我々は、上記2つの研究背景における課題を解決するためには、従来低レベル言語レベルにおける解析を包摂し、かつ関数型言語における成果に表面的に依拠しない、低レベル言語のための新たな形式的理論体系の構築が必要であると考える。その構築のため本研究は具体的な対象としてコンパイラ最適化の正しさを検証するための理論体系の構築を目指す。その手段として、我々は低レベル言語の解析において最も本質的なものを抽象化し、それらを導出する形式的な体系を構築することを試みる。形式的体系として型理論を用いる。我々のアプローチは型理論に基づき、プログラムの様々な概念を抽象化することにより新たなプログラム解析理論の構築を目指す近年の研究動向に沿うものであるが、コンパイラ最適化などのプログラム変換に対して本格的に型を導入する研究は少ない。抽象化すべき低レベル言語の本質は、前述のように、変数間のuse-def関係などのプログラムに現れる様々なオブジェクトの依存関係である洞察する。

本研究は上記目的・洞察に基づき、コンパイラ最適化における最も基本的な概念であるデータ依存関係(use-def chain)を変数の代入型として抽象化することにより型システムをSSA形式中間言語上において構築し、健全性定理として、もしreturn valueの型が最適化前後において適切な順序関係をみたすならば、プログラムの意味が保存されることの厳密な証明を与えた。さらに、最適化前後の型の変化により、様々な最適化の形式的な定義を与えた。

本論文の貢献は以下の通りである。型システムの構築に当たって、我々は従来研究において低レベル言語レベル言語において形式化困難であった以下の2点:

破壊的代入(ある変数に対して複数のプログラムポイントにおいて代入文が存在しうること)

ループにおける再帰的計算

に対して、

SSA形式を対象言語とし、

再帰的に値が計算される変数に対して、再帰型を与える型システムを構築

することにより理論的形式化を行なうことを試みた。変数の値の計算過程を抽象化した代入型は以下のBNFで定義される。(T1,T2)aopは各算術命令に対応し、 {l1:T1,l2:T2}はSSA形式におるφ関数に対応するものである。さらに、{l1:T1,l2:T2}に対して再帰型を導入する。

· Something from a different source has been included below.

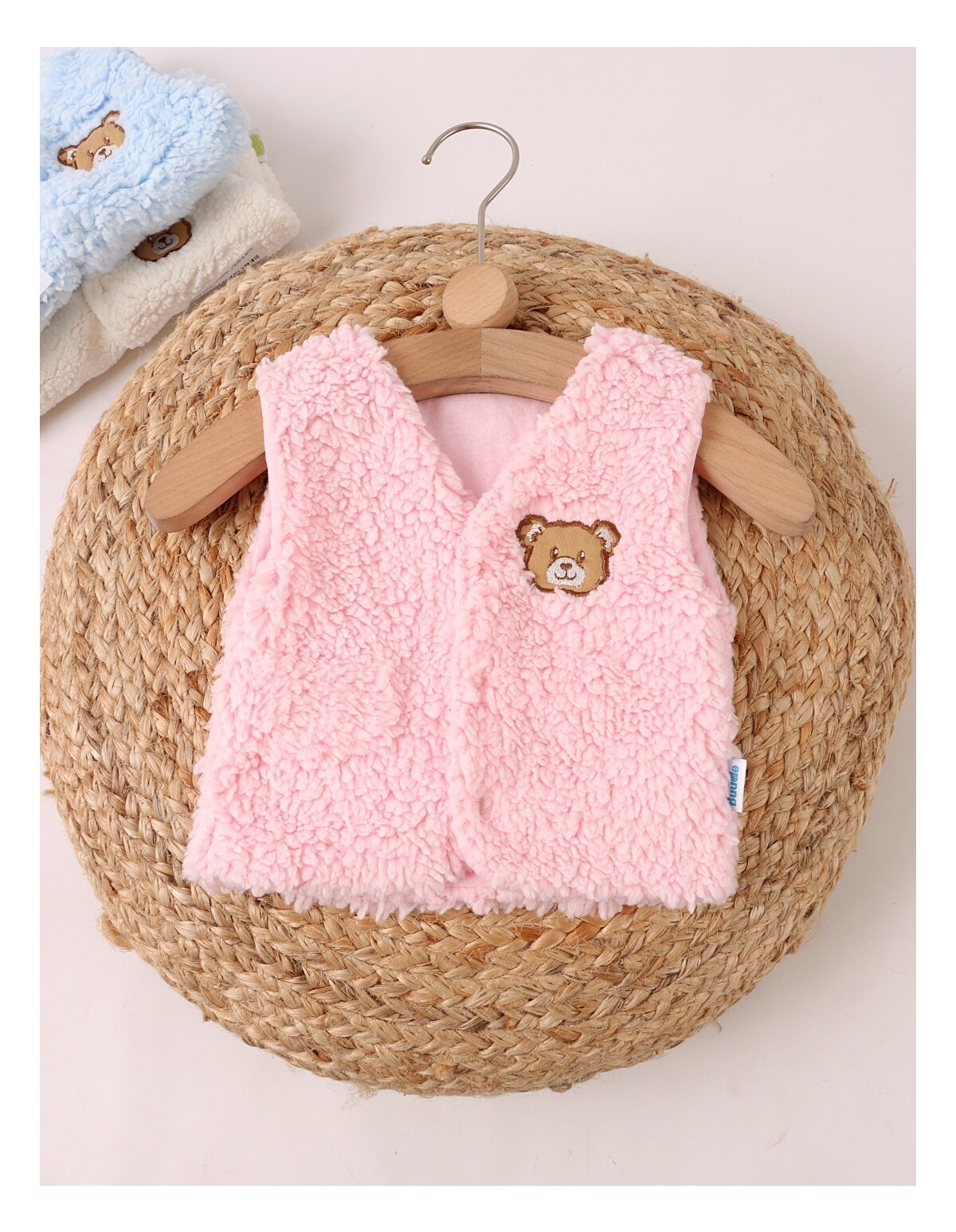 Vesta bebe cocolino ursulica roz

T::=α|int(i)|(T1,T2)aop|{l1:T1,l2:T2}|μα.{l1:T1,l2:T2}.

上記の2点は低レベル言語の最も基本的な性質であるが、従来研究においては明確な形式化がなされてこなかったものである。SSA形式に対して型システムなど形式的な体系を導入する研究は我々が知る限り存在せず、また、再帰的計算に対して明示的に再帰型などの抽象化に成功した既存研究は、特に低レベル言語レベルにおいていまだ存在しない。さらに我々はSSA形式自体に対する理論的形式化を試みた。提案する型の内、SSA形式におけるφ関数に対応する型より定義されるサブセットを導出する型システムを通常の中間言語において定義し、その型情報がSSA形式が持つ静的情報と等価であることを証明した。

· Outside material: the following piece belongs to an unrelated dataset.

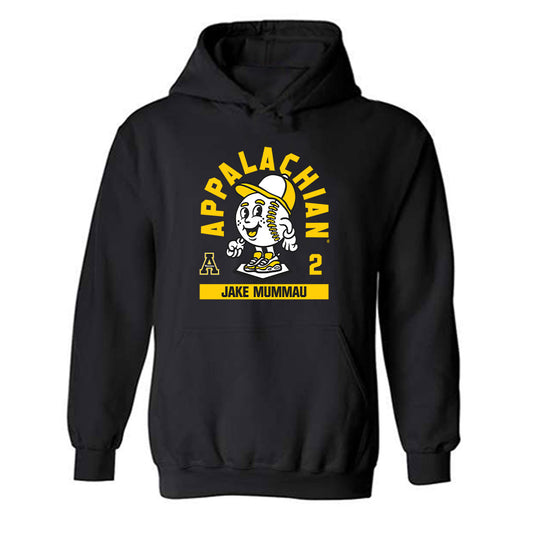 App State - NCAA Baseball : Jake Mummau - Fashion Shersey Hooded Sweatshirt-0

本研究はアセンブラレベルの低レベル言語の基礎的・本質的な性質に焦点を当て形式化を行った。本論文における成果は、アセンブラ言語などの低レベル言語に対する理論的形式化のための、本質的な第一歩になると考える。

審査要旨 要旨を表示する

本論文は「AType Theory for Optimizing Compilers」と題し,最適化コンパイラにおけるコンパイラ最適化の正当性検証を取り上げ,型理論を用いた理論的な解析のための枠組を提案し,その理論の強さについて解析を与えたものである。コンパイラ最適化の複雑度が飛躍的に増す中で,最適化変換の正当性検証がますます困難になっている。本論分はその問題を解決するための型体系を構築し,さらにカット除去性,健全性,完全性などの理論解析のための標準的な基準に従って解析を加え,構築した体系が非常に良い性質を持っていることを示している。さらにこの理論を用いて,代表的なコンパイラ最適化のうちのいくつかについて正当性検証の式を導出している。対象としているのはアセンブリ言語を静的単一代入形式(SSA)化したもの,およびSSA化を行わないものである。それぞれに対して非常によい性質を持つ型体系を与えている。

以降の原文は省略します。